★不服申立て再審査請求社会保険審査会で内縁の妻に遺族厚生年金が支給されるかを争った事例。
[問題] 1 亡Aの死亡当時亡Aの利害関係人との婚姻関係が形骸化し、かつその状態が固定化していたと認めることができるか。
2 請求人が亡Aによって生計を維持していた配偶者であったと認めることができるか。
[論理] 遺族基礎年金・遺族厚生年金が支給される配偶者には婚姻の届け出をしていないが事実上婚姻関係と同様の事情にある者を含む。
そして重婚的内縁関係が存在する場合には死亡したものと内縁関係があった者はその者が死亡したものによって生計を維持していた事実のほかに法律上の婚姻関係がその実質を失って形骸化し、かつその状態が固定化している場合に限って遺族給付を受給することができる配偶者に当たる者と考える。
また「死亡した者によって生計を維持していた配偶者」とは死亡したものと生計を同じくしていた配偶者であって、年額850万円以上の所得を将来にわたって有すると認められるもの以外のものをいう。
1 では、亡Aと利害関係人との婚姻関係が形骸化し、かつその状態が固定化していたといえるか。
まず亡Aは利害関係人と長期間にわたり別居し、その間請求人と共に生活をしている。
さらに利害関係人へは生活費として不十分な送金しかせず、後に送金もなくなることから、生計維持は途絶えていたということになる。

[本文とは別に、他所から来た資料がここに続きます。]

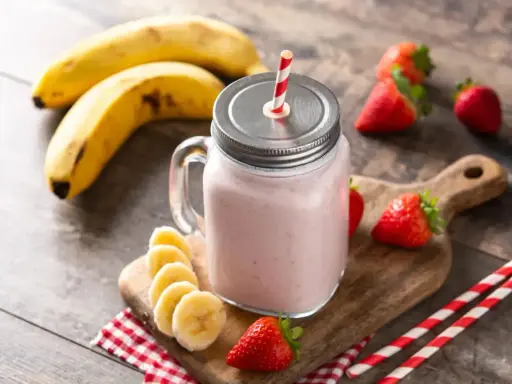 Un délicieux smoothie fraise banane dans un bocal en verre, garni de fruits frais et de pailles rayées.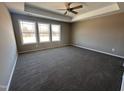 Expansive main bedroom featuring plush carpet, neutral paint, and natural light from large windows at 212 Tuscany Cir, Princeton, NC 27569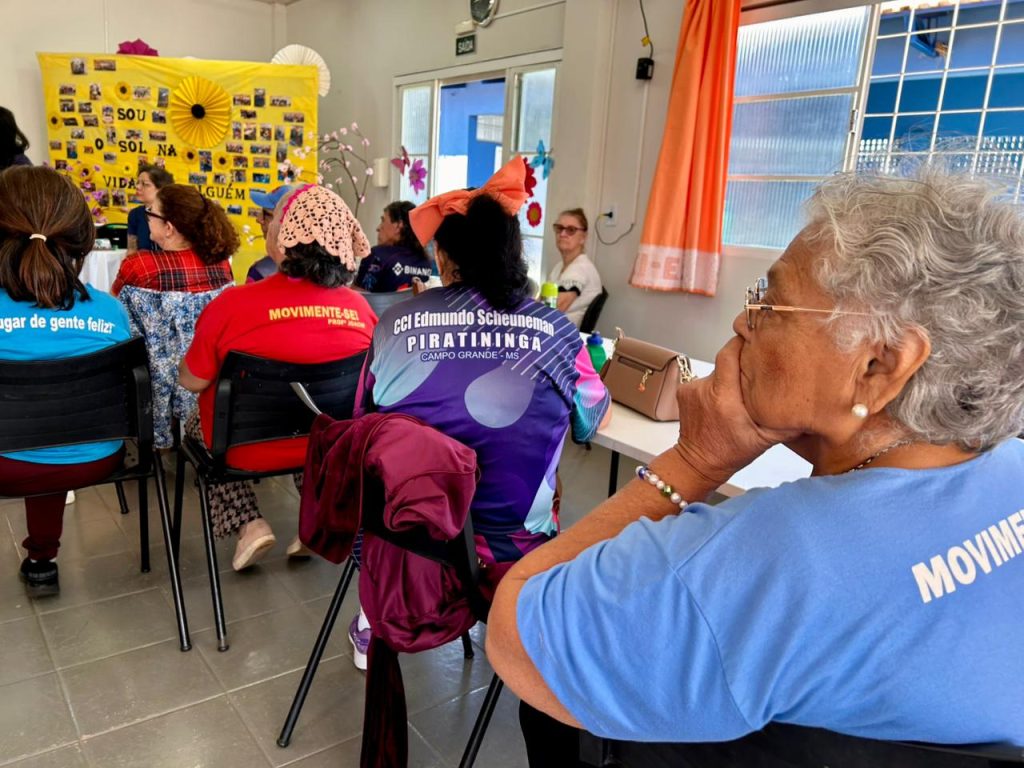 Foto em ângulo diagonal mostrando idosos sentados em cadeiras assistindo a uma atividade. Em primeiro plano, à direita, uma mulher idosa de cabelos grisalhos e blusa azul apoia a mão no queixo enquanto observa atentamente. À sua frente, outras pessoas estão de costas; uma delas veste uma camiseta roxa e azul escrito "CCI Edmundo Scheunemann - PIRATININGA - Campo Grande - MS". Ao fundo, destaca-se um painel decorativo amarelo com fotos e flores artesanais.
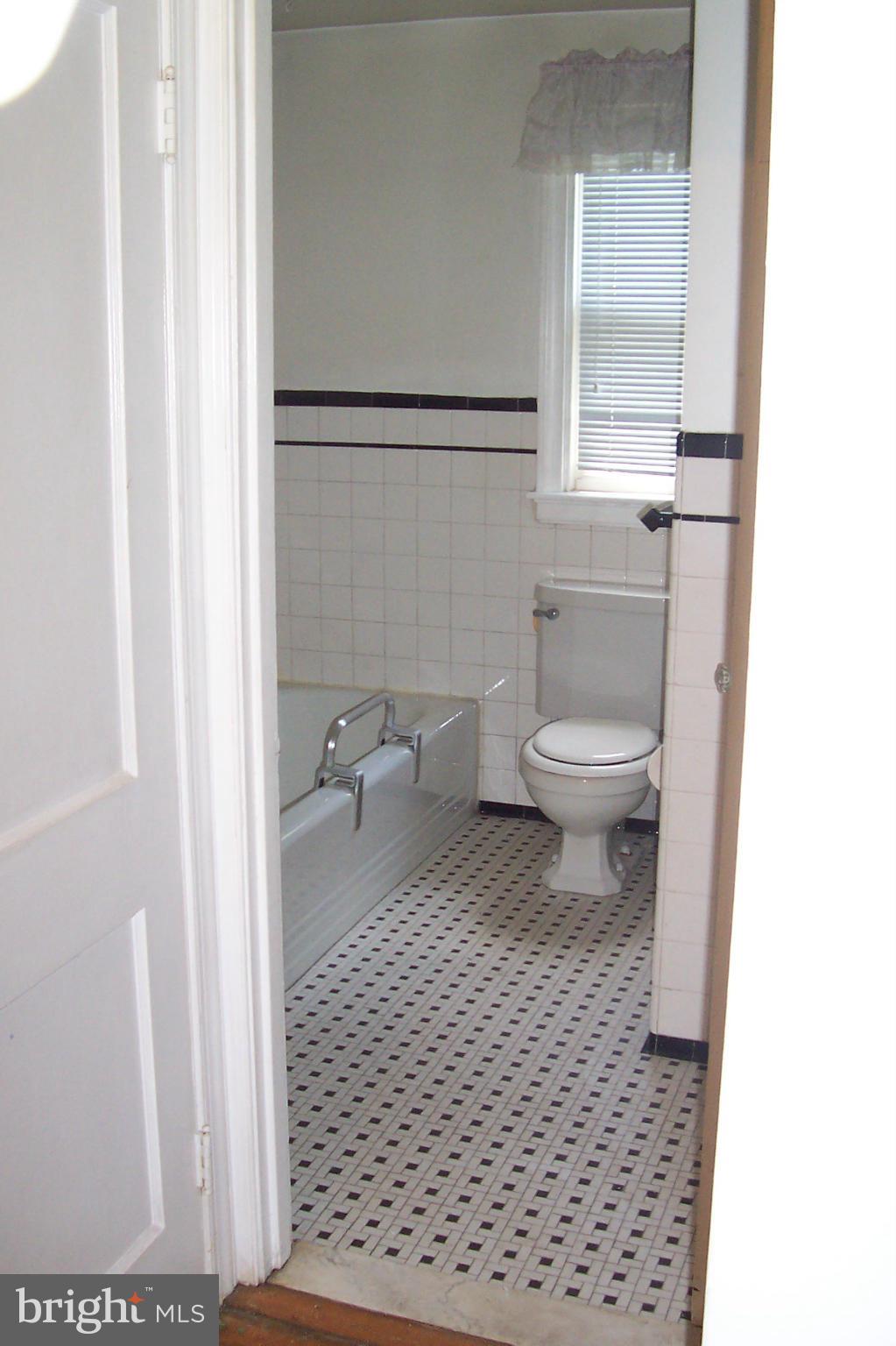 3704 Delverne Road Baltimore, MD 21218 - Photo 8 of 17 a bathroom with a toilet and a shower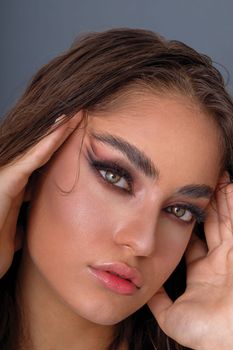 Stunning portrait highlighting bold makeup and wet-look hairstyle.
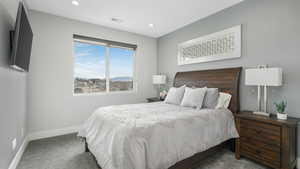 Bedroom with dark colored carpet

これらを総合すると利害関係人との婚姻関係は形骸化し、かつその状態は固定化していたということができる。
2 次に請求人は亡Aによって生計を維持していた配偶者といえるか。
ここで請求人はFが生まれる1年前からAが死亡するまで長期にわたって生活を共にし事実上の婚姻関係を継続していた。
また、請求人の総所得金額は生計維持の金額を満たしている。
以上より請求人は亡Aより生計を維持していた配偶者であったといえる。